Between police chief inaction and stonewalling
by the Internal Affairs Unit (IAU), civilian complaints have been
a waste of time in the recent MPD past. Now, though too close to
call, the Minneapolis Department of Civil Rights may have found
a way to finally make the City of Minneapolis hold cops accountable
for abusing authority.
A recent study recommends giving the Civilian
Review Authority (CRA) the power to do something about abusive police
officers. Specifically, it counters MPD’s past attempts to
neutralize CRA findings. And the City Council is all over the report,
both praising it and working to implement its recommendations.
Back in November 2005, while Jayne Khalifa,
now Deputy City Coordinator, was executive director of the Minneapolis
Department of Civil Rights, she commissioned the report, “A
Study of the Policy and Process of the Minneapolis Civilian Police
Review Authority.” Published this past February, it is the
blueprint by which the CRA actually would become an authority in
more than just name.
Khalifa commissioned the study in part because, “The police
department alleged that CRA staff conducted inadequate investigations
of alleged misconduct [and], prevented the Chief’s disciplining
officers because of the alleged ‘poor quality’ of the
evidence against them. The report proved investigations met required
standards.” So, unless the MPD is going to somehow debunk
the study, the department can no longer pretend it’s actually
accountable.
Present Civil Rights Department executive director
Michael Browne wrote the study and says, “If the police department
[continues to insist] that CRA is sustaining complaints, but investigations
are not credible, are not complete, when they come and say ‘That’s
the fact and I don’t believe it, I’m not doing anything
about it.’ If that’s the continued perception, we will
have what we’ve had for the past 16 years.”
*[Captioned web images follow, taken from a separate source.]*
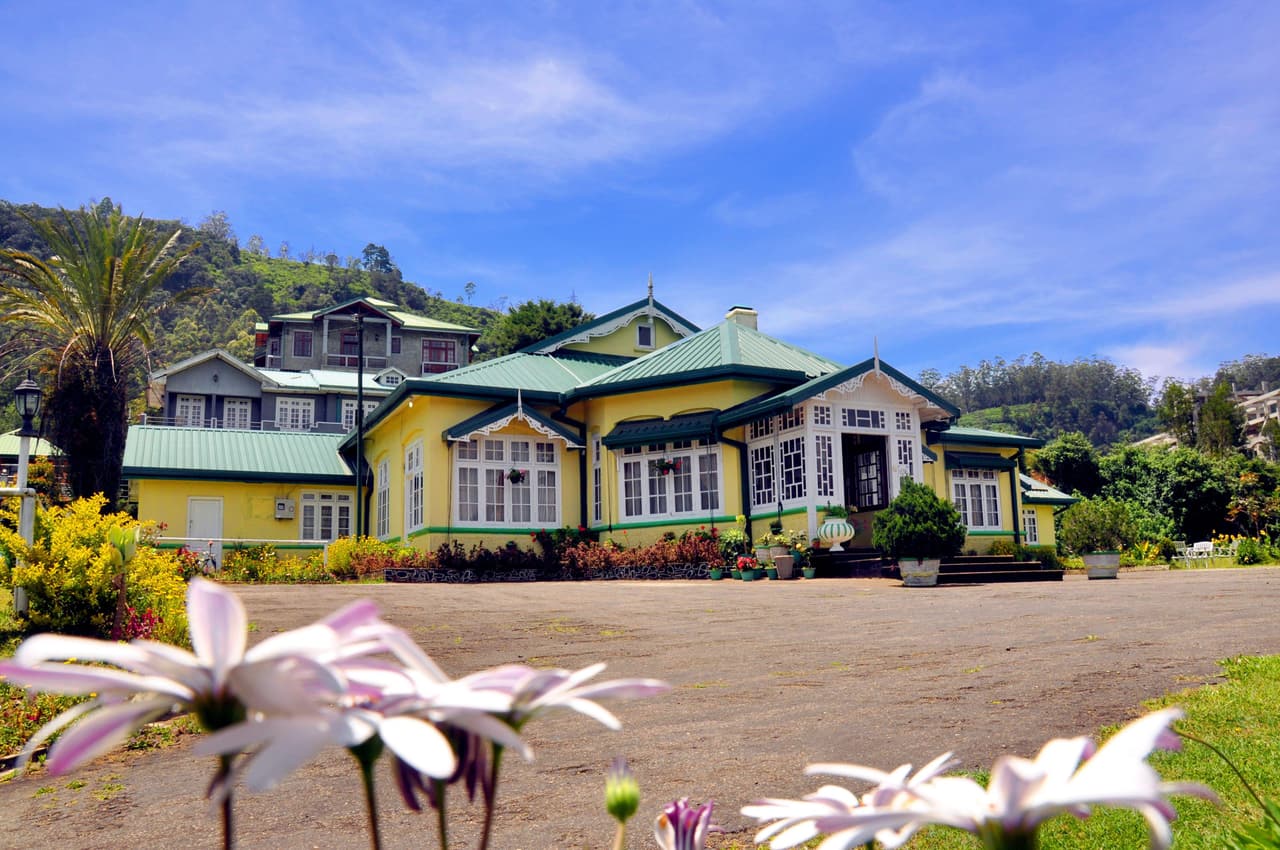 Chelthnam Holiday Bungalow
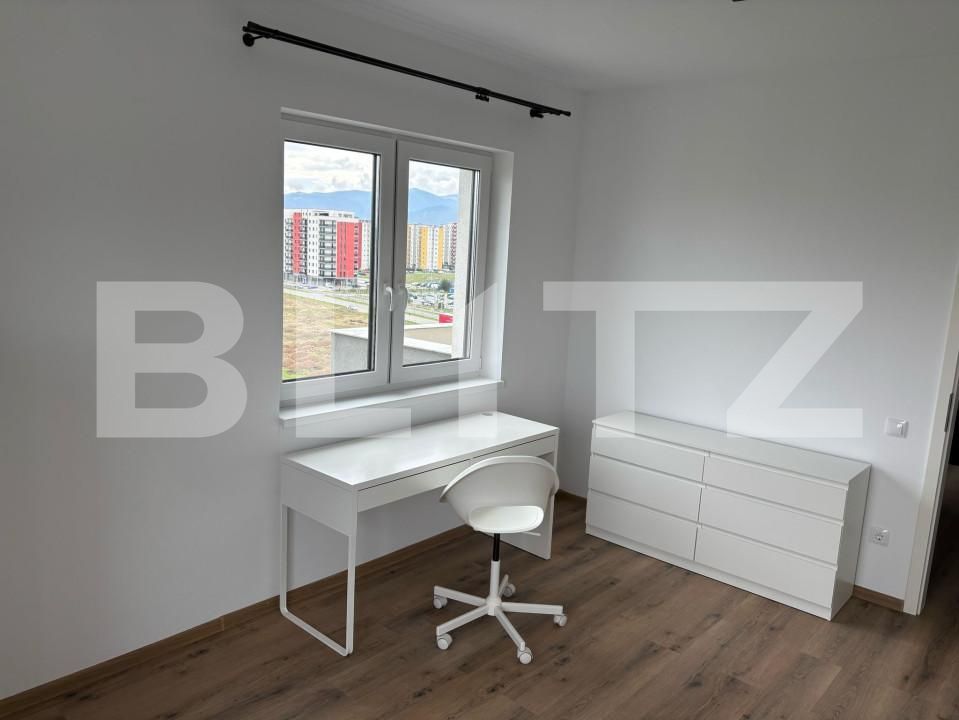 Apartament de închiriat 3 camere Doamna Stanca - 168255AI | BLITZ Sibiu | Poza10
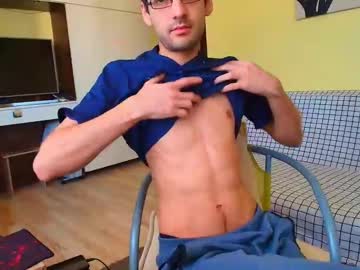 Hungeddy December 13, 2025 Chaturbate stream image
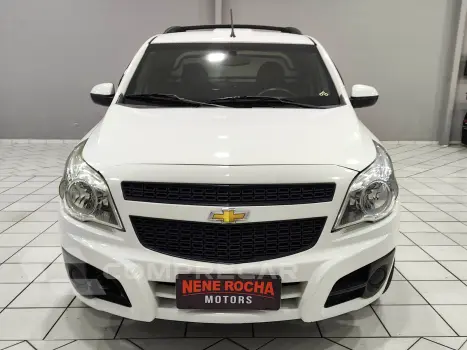 MONTANA 1.4 MPFI LS CS 8V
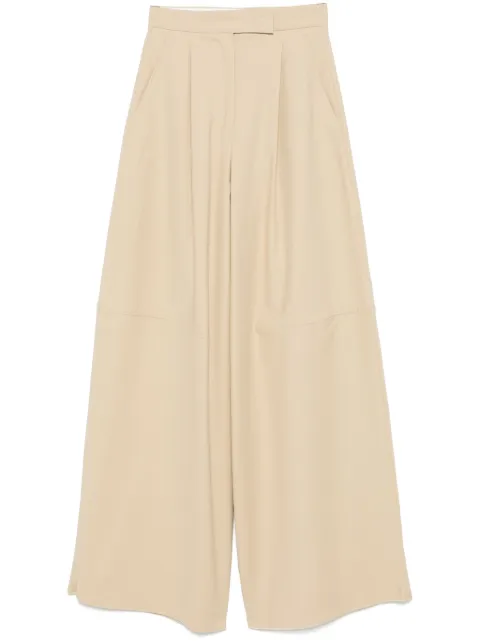 Max Mara Avoriaz trousers Neutrals 2421136011600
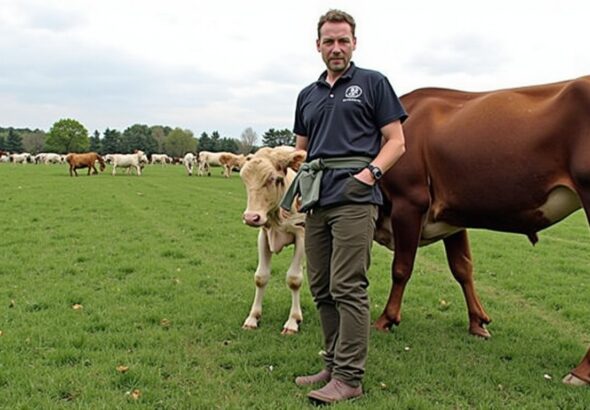 L’élevage d’alpagas en Pays de la Loire : une passion qui gagne du terrain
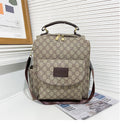 New Stylish and Versatile Backpack 1026070832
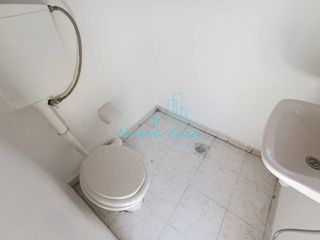 Studio / γκαρσονιέρα 25 τ.μ. πρός πώληση, Αχαΐα, Πάτρα-thumb-9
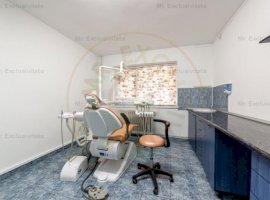 Spatiu comercial - Cabinet stomatologic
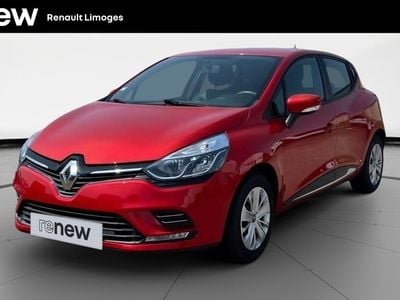 Renault Clio IV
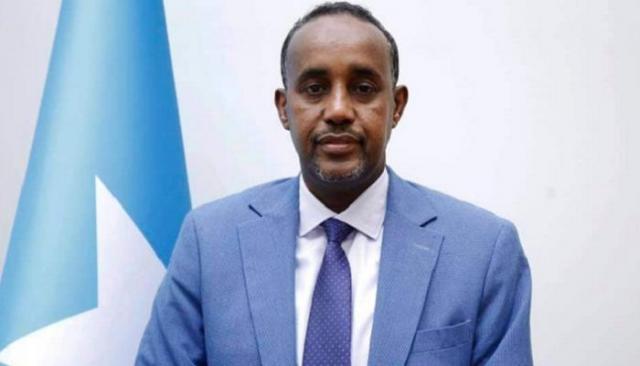 «روبلي» يفوز بثقة برلمان الصومال لتشكيل الحكومة الجديدة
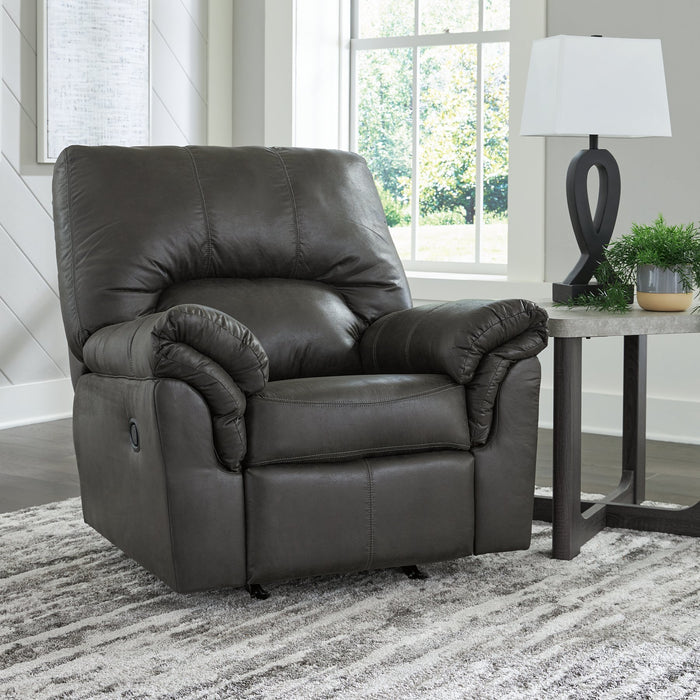 Bladen Recliner - All Brands Furniture (NJ)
To be sure, it is not fait accompli that the
study’s findings will be swept into law anytime soon. There
is, based on the MPD’s history of ignoring voluminous complaints,
the likelihood the department has no intention of believing CRA
sustained complaints—whether credible, complete or corroborated
by the Holy Ghost.
Many City Council members, however, remain hopeful.
Ward 10’s Ralph Remington said the push
for reform will not be a waste of taxpayers’ money. “It
really is going to work,” he states, “because we have
a dedicated new progressive wing of the City Council that is invested
in an outcome that finally gives the CRA some teeth. That new progressive
voice is Betsy Hodges [Ward 13], Cam Gordon [Ward 2], Elizabeth
Glidden [Ward 8] and myself. We’re putting safeguards into
place that will guarantee that when the CRA sustains a complaint
it isn’t pushed under the rug.” Remington adds, “It’s
very important that the CRA have subpoena power. Subpoena power
gives the CRA the evidentiary tools to help validate and qualify
their decisions.”
After reading Browne’s report, Council Member Cam Gordon moved
to establish a 14-member CRA Working Group taskforce (with six members
from the City Council). Council President Barbara Johnson (Ward
4) appointed Ward 6 Council Member Robert Lilligren chair and Gordon
vice chair. Gordon says of the report, “I saw it as a great
opportunity to strengthen the system. It recommended … that
the CRA board president sit down with people from the police department,
the CRA case manager and Civil Rights Department director and City
Council members. I said, ‘Here’s our chance to really
make a difference.” Gordon notes that CRA-sustained complaints
were being given to the Chief of Police for a disciplinary decision,
but, “We’ve found that he [William McManus] was sitting
on a lot of those reports. Sometimes, when he would give decisions,
it would be to give some coaching.” Since, no one outside
the department is privy to said “coaching,” for all
anyone knows, McManus may’ve just called a cop in said, “Hey,
fella, don’t get caught doing that anymore,” patted
him or her on the back and sent them back into the game. “It
was also found,” Gordon adds, “that when he got them,
he would send [CRA sustained complaints] to Internal Affairs and
say, ‘Re-investigate.’ That definitely played a factor.”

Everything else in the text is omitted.